Sharing Critical Feedback
Telling someone something that they don’t want to hear is never easy.
At the same time, the costs of turning a blind eye to mistakes and under-performance – both to the organization and to the parties involved – can be high. Moreover, quite often negative feedback leaks out in one form or another anyhow, like withholding a plumb assignment or a promotion, giving you even less ability to manage the employee receiving the criticism.
The best way of handling this challenge is to be direct, compassionate, and open-minded.
While taking a few moments to build rapport and set the stage is helpful, there can be a tendency to spend too much time on small talk and niceties, as a means of avoiding the matter at hand. It is essential to allocate sufficient time to engage the employee’s reaction, as failing to do so can damage the relationship with them and lead to gossip and rumors as that person processes their reaction with others at the company (instead of with you).
Transition with a gentle warning: “What I’m about to say may be difficult for you to hear” or “I’m sorry, but I don’t have good news.” An introductory statement like this has two effects.
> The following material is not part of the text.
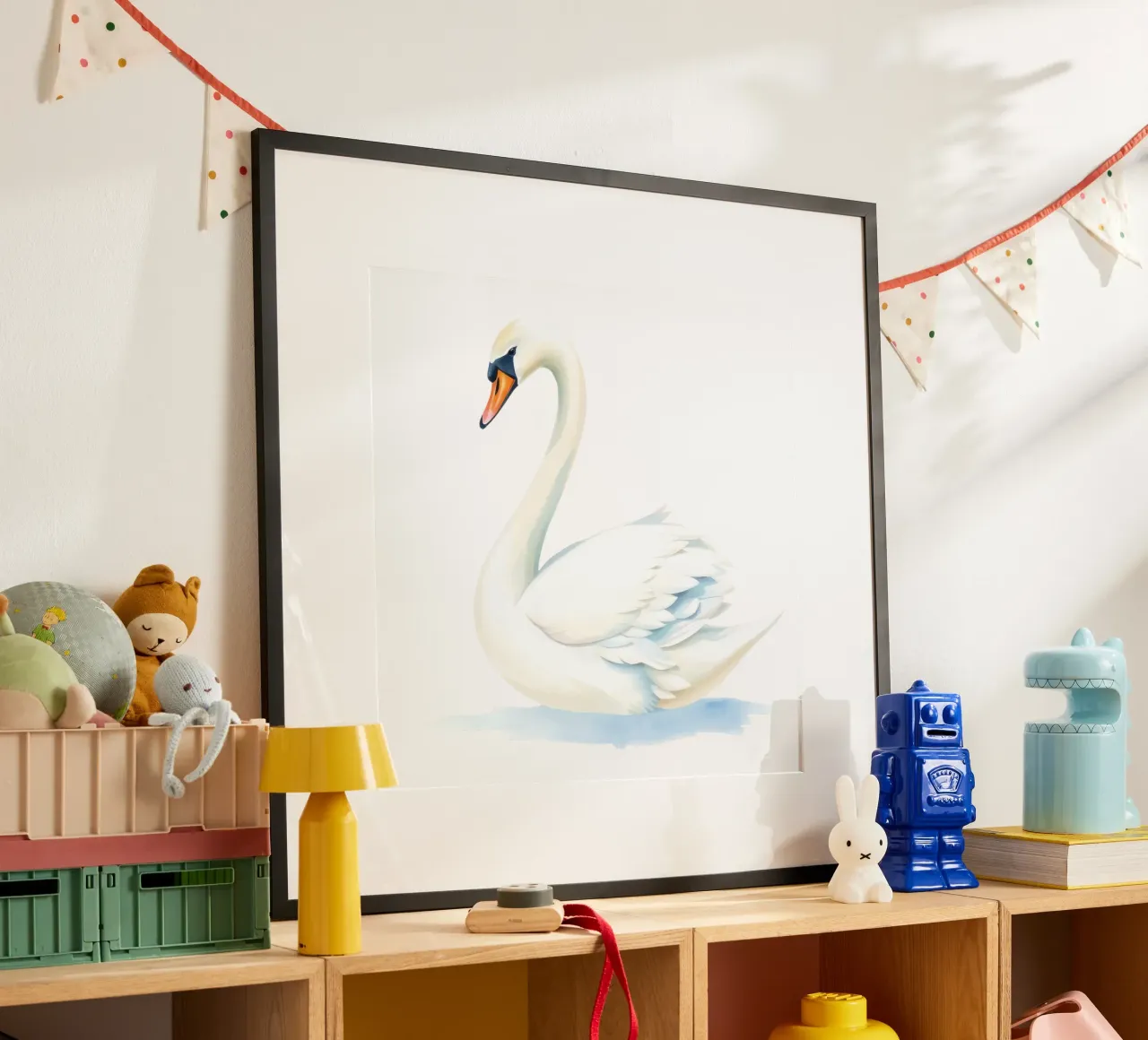 Elegante cigno bianco che scivola con grazia sull'acqua calma poster da DesignDoodle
First, it emotionally prepares the listener for what is to come next. Second, you have communicated that you understand the gravity of the situation for them.
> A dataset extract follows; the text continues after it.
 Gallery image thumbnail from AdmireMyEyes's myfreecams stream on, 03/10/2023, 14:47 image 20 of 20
Proceed with the unfavorable feedback. Try to support any evaluative statements (e.g., you have been under-performing) with objective data (e.g., you have generated 20% less than the average person in your role), and try to be encouraging about their ability to control the outcome in the future (e.g., I know you have it in you to make it up next year).
Now comes the make or break moment. Ask them if they see it differently. Many managers shy away from this question, because they feel that it’s too risky. While asking this question could be risky if you don’t know how to handle the response, there is risk in not asking it, as well: the employee could poison the work environment, leave the company, besmirch you and the organization, etc. An even bigger risk is that, by not asking, you neglect important information in your analysis, and draw the wrong conclusion.
When you ask for the employee’s perspective insist that they support their opinions and conclusions with impartial data together with their interpretation of that data. Imagine the following employee response in the preceding example: “My numbers are down by 20%, because I spent so much time mentoring the three new hires, getting them up to speed four months earlier than usual, and helping the team grow its numbers by 10% in a bad economy. I would think that I would be rewarded for those things, not penalized.” With the introduction of new data, you might revise your analysis and conclusion. Or, you might interpret the data differently, e.g. “the new staff didn’t contribute to the 10% growth”. Either way, you would be making a more informed decision, and, as long as you respond to the employee’s points with independent data and your analyses thereof, the employee should feel heard, respected, and fairly treated.
Be sure to express your sympathy throughout. While your decision might be just, it doesn’t mean that the impact is any less difficult for the other person. Separate the decision from its impact, and address both: “Based on the data, I can’t justify giving you a promotion” and “I’m sorry that you’re disappointed” and “I can only offer promotions based on a business case, which there isn’t here” and “I understand that this could pose challenges for you.”
A candid, compassionate approach should yield great results!